The latest word is that EPA will look for compliance by auditing Certified Firms and asking for your documentation. 
Record Keeping is very important to RRP jobs and there seems to be a whole industry being born of companies trying to sell (spamming) document kits.

Many of the documents can be found online for free.
There are even Smartphone apps!

RRP Brochures Also widely available at paint stores.

EPA Documents

EPA Materials

Shawn's blog


----------



## RCP

Here is a Google map to see where Audits have occurred.


----------



## Lee Decorating Corp.

Isn't that great. Go after the certified firms that are making a good faith effort but may and will make paperwork mistakes. I just wish the E.P.A. would go after the real violators that do no compliance. I have sent in complaints. Nothing.


----------



## Roamer

You essentially circled a target on your back when you got certified.

At the August forum with the EPA and OSHA in Arlington, VA, the EPA enforcement guy said that they would first target the certified contractors.

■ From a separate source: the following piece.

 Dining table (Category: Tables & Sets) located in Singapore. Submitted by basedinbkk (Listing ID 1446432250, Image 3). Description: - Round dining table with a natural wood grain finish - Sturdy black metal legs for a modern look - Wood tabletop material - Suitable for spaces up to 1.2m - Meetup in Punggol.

He didn't have to say it but it is obviously easy for the EPA to just call on any of the certified contractors to come and see their files as those contractors are documented with the EPA. I find it appalling that we in the interest of doing the 'right' thing have become the focus of their investigations.


----------



## RRP Expert

RCP most of the fines and violations are related to poor record keeping.


What's so horrible about all of the software out there is that like you said they're nothing more than electronic verisons of the forms.

Worse most don't ensure you're in compliance.

I've been working on a RRP Compliance program that reduces the paperwork to a few minutes. It generates the forms in an electronic version but also allows you to print them. It also includes project management so that you can keep track of the status of all of our jobs. And of course it works on phones, tablets and computers.

I mention all of this as like you I find it offensive that people are preying on contractors who are trying to earn a living and selling them junk. I grew up around construction but went into IT as I wanted to do something different. Ironically, I've always been drawn back to it as I've renovated a few houses, and have the itch to do another one soon.

Roamer, what's really scary is that companies can be and are being fined because employees are sloppy and these programs don't allow company principals, project managers etc to monitor what's entered.


----------



## salmangeri

Grrrrrrrrrr!!!!


----------



## thinkpainting/nick

Many here are not renewing there certification I know I'm not.


----------



## chrisn

thinkpainting/nick said:


> Many here are not renewing there certification I know I'm not.


me either


----------



## AngieM

I took a lead based paint abatement class that was "highly recommended" because I'm a landlord and a painter. As they were explaining the hefty fines and penalties for non compliance I happily skipped the last part of the program where you request the target on your back... Eh hem, I mean certificate for completing the program.

That ,and call me crazy, but I'm pretty sure 3m and this new regulatory agency they added to our city code are in cahoots. Just an observation.


----------